Ainda não nos demos conta da força desestruturante concentrada numa única hipótese. Da mesma maneira que não nos contentamos com a vida de uma única hipótese, de uma única possibilidade, um único porvir. Insistimos em insistir, em desejar. Mas somente o admitimos quando deixamos de desenvolver a filosofia que surge ao defrontarmo-nos com este procedimento tão simples e obscuro. 

Hegel disse que a "beleza impotente" odeia o "entendimento", pois este exige algo que ela não é capaz de suportar, ou ao menos não é capaz de suportar mantendo-se ainda bela. Ao desejar-se bela, a beleza da ignorância se mantém necessariamente impotente, pois não tem a força para desestruturar a si mesma. Hegel afirmava ser preciso de força para atingir o entendimento, seja o entendimento de si, seja o entendimento do "trabalho da morte". Em suma, trata-se do entendimento da negatividade necessário a qualquer diálogo possível, para qualquer pensamento que se faça apesar da ausência de si, e da força necessária para que tal entendimento seja efetivamente realizado.

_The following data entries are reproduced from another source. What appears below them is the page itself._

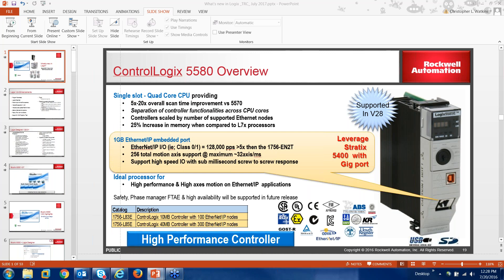In my opinion, the 5580 is a very high discrete solution. You could use it in some process applications, but it was intended for high axis count for motion and things requiring very high screw times — very much ideal for OEMs. Just be cautious: this is not a direct replacement for the 5570s. The 5570s will continue to run along and remain active because how we delineate dynamic and static functionality is completely different. This is just a high-performance version alongside the L7s you have today.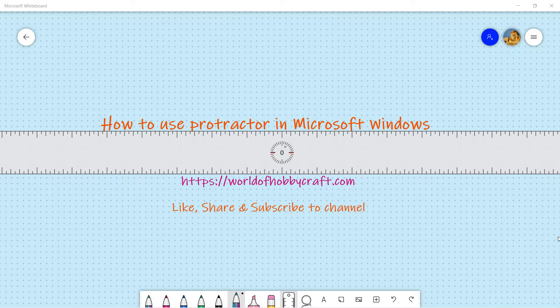It's not whiteboard, it is what they call as Snip. Snip tool is the latest one that they released in Microsoft Windows 10. So let's see how that works.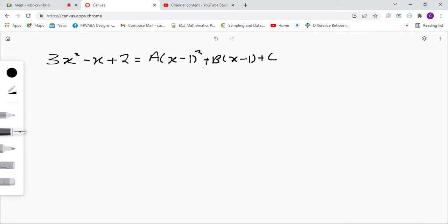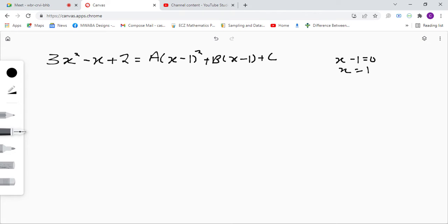We are told to find the values of a, b, and c. We're going to use the critical values. So here, let's find our critical value — we're going to say x minus 1 equals 0, therefore x equals 1. So x equals 1 is our critical value.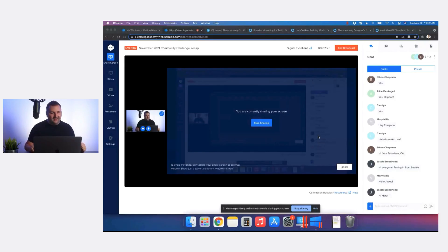I'm going to go ahead and share my screen. We'll go through some of the submissions we received this month, and then we'll spend the second half of the session with me working out loud, showing you how I would approach building a branded template.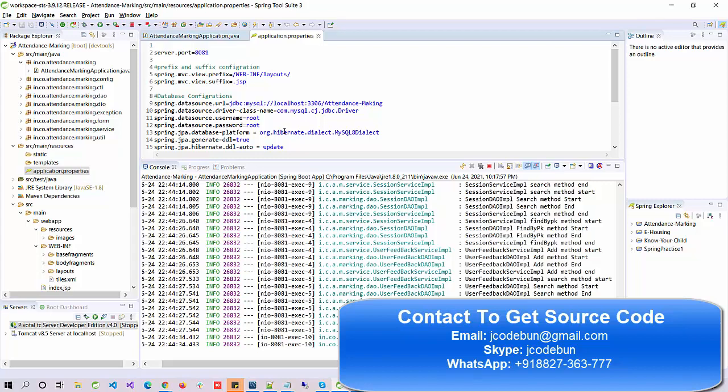Our team will explain on Google Meet how things work — the internal code flow and everything. In case you want to learn all the development from scratch in Java, you can contact us. The team will help you and you can join our training sessions. Thank you.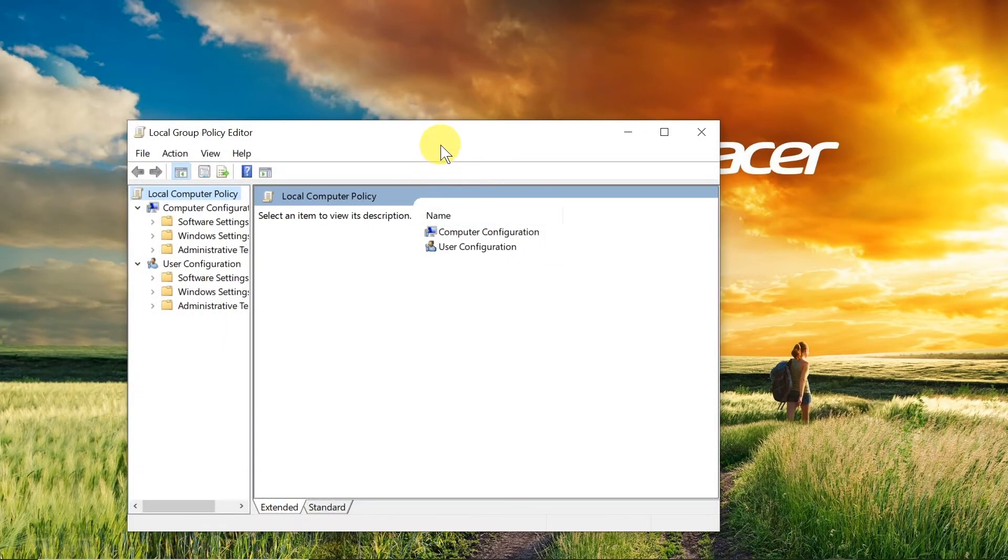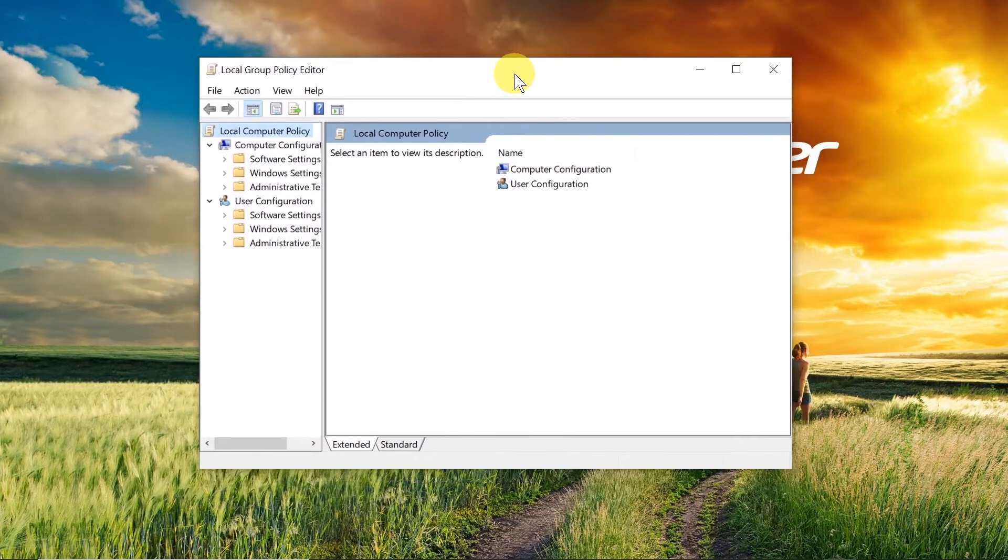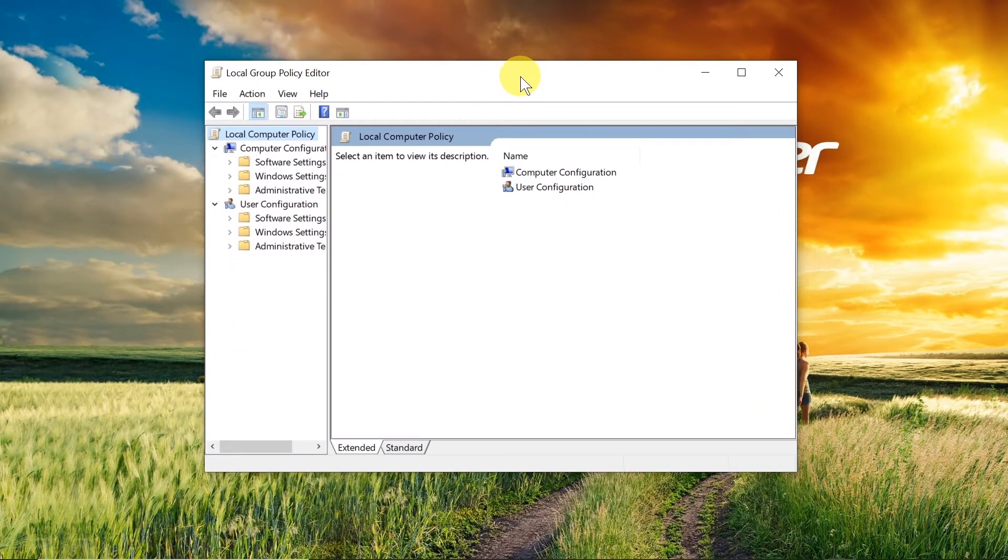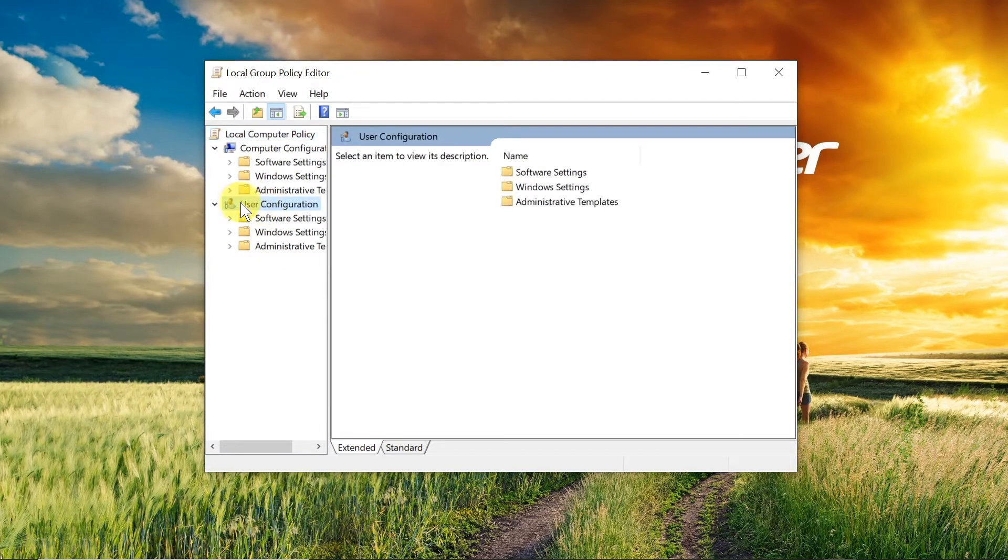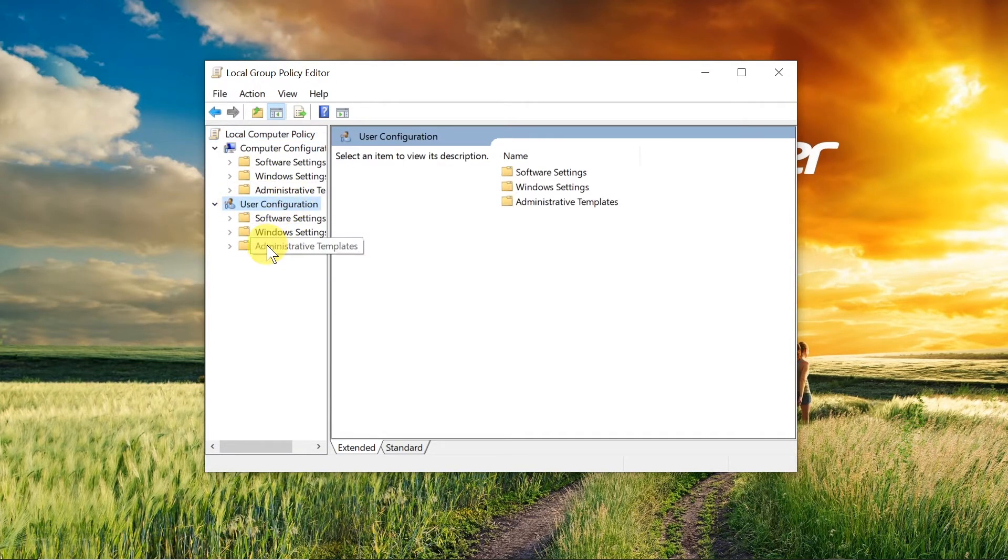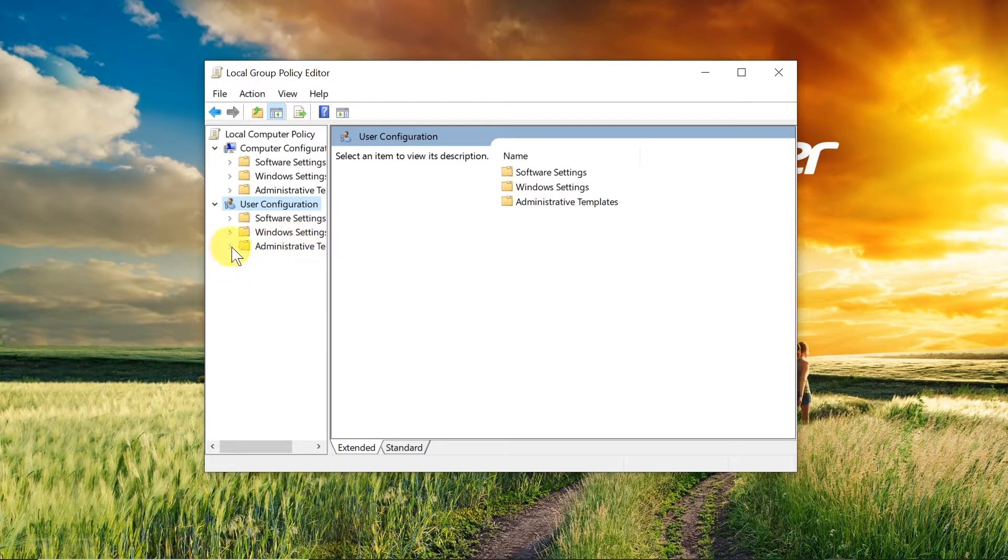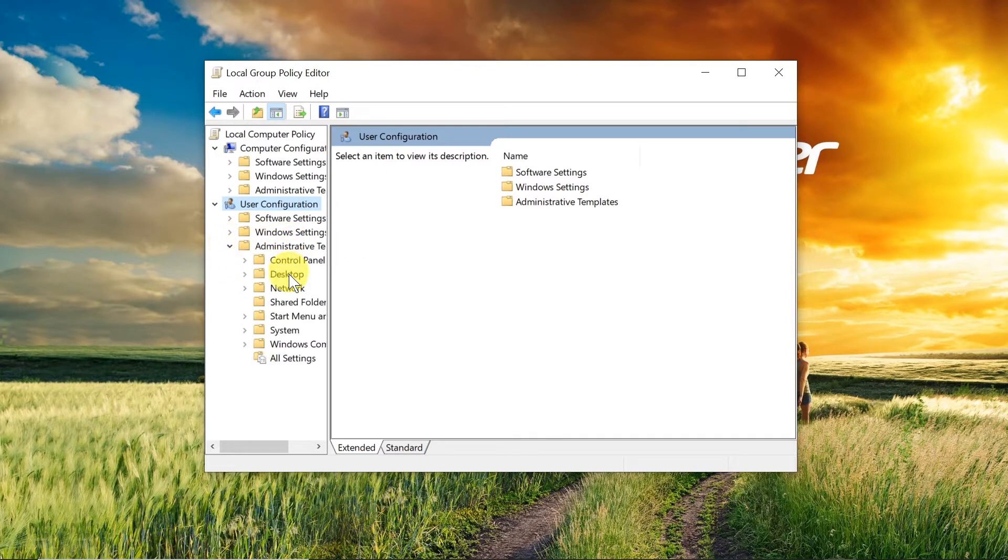It will open a window like this. From the left side we need to go to user configuration, then administrative templates. We need to click on this arrow to expand it, then we go to Windows components.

É preciso então forçar um entendimento. Colocar força em algo para que dele se tire outra coisa ou para que ele se torne, enfim, outra coisa. Porém e se o entendimento surgido dali, desvelado ou (en)tornado, é ainda mais mal compreendido, digno da loucura, da barbárie ou da cultura ainda barbarizada? Para isso, a hipótese hegeliana é que a síntese final vai se dar no e com o espírito.

Não nos demos conta das hipóteses que até então sobrepomos a esta hipótese de Hegel. Pior: andamos vestindo as nossas hipóteses de certezas, de essências, de ontologias, de mitologias. Nossas lógicas estão objetivadas nas obviedades da vida, limitando-se a estas por meio das transcendências permitidas pela linguagem. A língua é fascista, dizia Roland Barthes polemicamente. E várias línguas são menos fascistas que uma, disse mais recentemente o teórico francês William Marx. Porque que, não à toa, é na língua no contato com outras línguas que pode se dar qualquer transformação linguística e psicológica. E não seria justamente a hipótese essa instância em que metapsicologicamente se percebe uma abertura possível da linguagem. "Isto é" não é menos fechado que isto "não seria?"? Ao menos, é dizê-lo de maneira menos afirmativa.

Adeus, dizemos à nossa vontade de pesquisa. Adeus, dizemos a toda e qualquer possível hipótese numa vida adulta. Quando crianças somos seres hipotéticos. Nosso romance familiar é repleto de histórias quixotescas e kafkianas, como nos sugeriu Marthe Robert. Na infância, entretemo-nos com as mais lúdicas ciências.  Algumas certezas se sobrepõem, a realidade se mostra mais sólida e menos alterável, e logo deixamos de lado o hábito de fazer hipóteses. Esquecemo-nos com isso, ou não aprendemos, que à medida em que o real nos é percebido cada vez menos alterável, insistentemente nos mantemos, apesar dele, alteráveis, alterando-nos de crianças a adultos, - um pouco menos ou um pouco mais racionais, saudáveis, felizes. De fato, as hipóteses de realidade que nos levam a duvidar da nossa proveniência ou da genialidade perversa de um deus enganador não parecem caber mais.

Contudo, resta-nos a nossa instabilidade individual, a instabilidade necessária a toda e qualquer alteração e alteridade, a toda redescoberta ou releitura de si e do outro. Podemos e devemos fazer hipóteses acerca de nós mesmos. Este foi o exercício, hipotético, que Freud reservou à psicanálise e a sua recepção: "Temos que escolher ora um, ora outro ângulo, e persegui-lo através do material, enquanto sua utilização parece dar frutos. Cada uma dessas elaborações será incompleta em si, e não deixará de ter obscuridades, ali onde tocar no que ainda não foi trabalhado; mas podemos esperar que da composição final resulte uma boa compreensão."

Por fim, gostaria de lançar uma última hipótese: agora, quando a realidade se mostra também instável, devemos, mais do que nunca, nos questionar: desestruturar nossos valores, nossas metas, inclusive nossas dúvidas. Estes não devem ser esquecidos, mas hipoteticamente subvertidos. Alterados e ainda assim abertos à alteração.